** Opening EXERCISE DATA block **
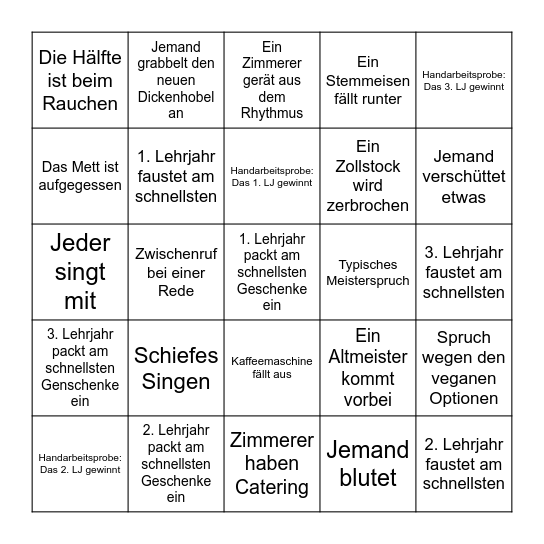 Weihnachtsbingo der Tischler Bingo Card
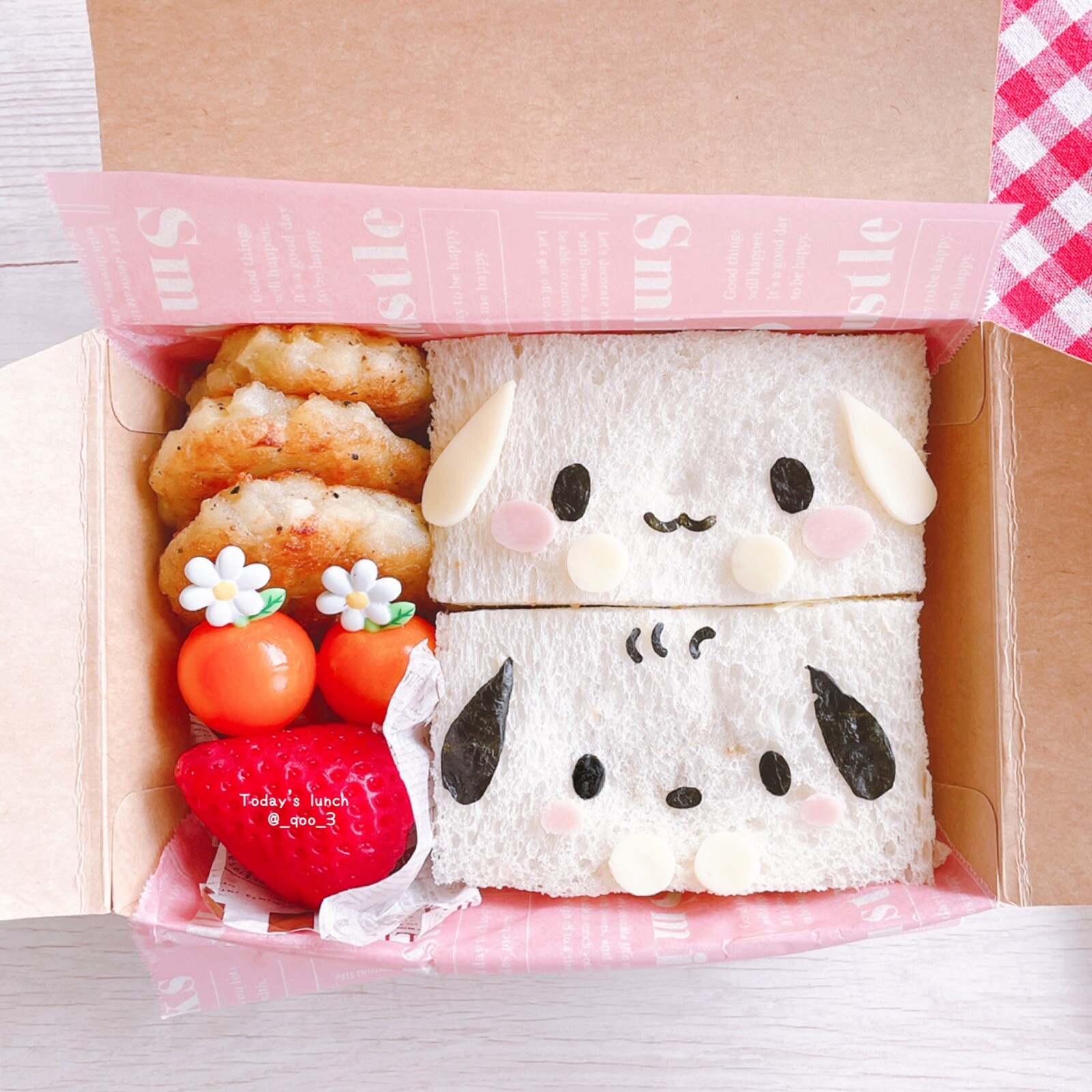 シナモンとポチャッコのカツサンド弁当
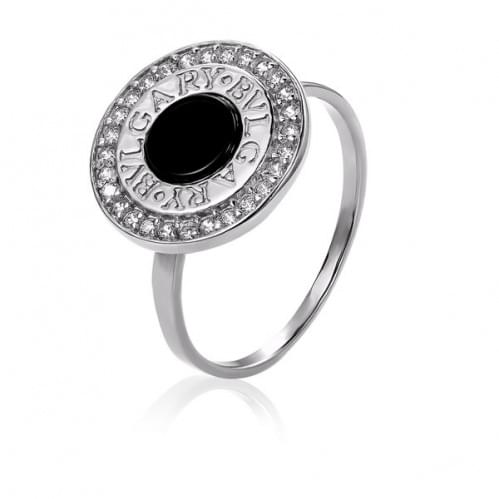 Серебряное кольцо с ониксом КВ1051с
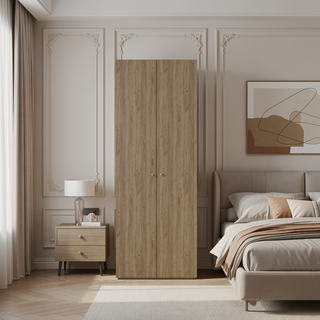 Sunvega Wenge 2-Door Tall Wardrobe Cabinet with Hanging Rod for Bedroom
** Closing EXERCISE DATA block **
Give back the listing exactly, without a single picture.

 Weihnachtsbingo der Tischler Bingo Card
 シナモンとポチャッコのカツサンド弁当
 Серебряное кольцо с ониксом КВ1051с
 Sunvega Wenge 2-Door Tall Wardrobe Cabinet with Hanging Rod for Bedroom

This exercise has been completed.